Mountain West Conference tournament champions

Eugene Regional, 1-2
- Conference: Mountain West Conference
- Record: 31-28 (15-9 MW)
- Head coach: Nathan Choate (3rd season);
- Assistant coaches: Tommy Richards; Eric Hutting; Dan Bower;
- Home stadium: Bailey-Brayton Field

= 2026 Washington State Cougars baseball team =

2026 season of Washington State University baseball team

The 2026 Washington State Cougars baseball team represented Washington State University during the 2026 NCAA Division I baseball season. The Cougars play their home games at Bailey-Brayton Field. Washington State entered this season seeking to improve upon their last place finish in the Mountain West conference in the prior season.

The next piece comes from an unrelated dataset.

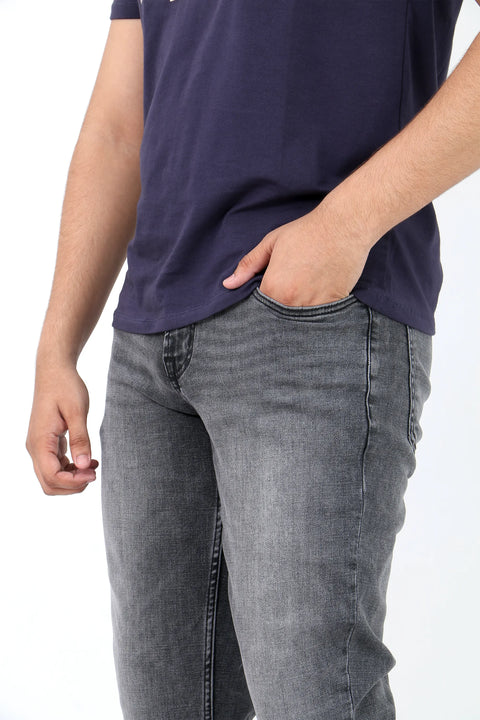 Man Old Navy Straight Fit Denim Jeans - D/Grey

The Cougars found a more consistent identity, especially in conference play. They would earn a 2-seed in the Mountain West tournament, and would go on to win it by beating future Pac-12 rival San Diego State. By securing an automatic bid to the 2026 NCAA Division I baseball tournament, the team had broken a 16-year postseason drought. They were seeded third in the Eugene regional alongside former Pac-12 rival Oregon, current Pac-12 rival Oregon State, and Yale. The Cougars would go on to beat Oregon State in the first game, and lose to Oregon and Oregon State in their second and third games, respectively.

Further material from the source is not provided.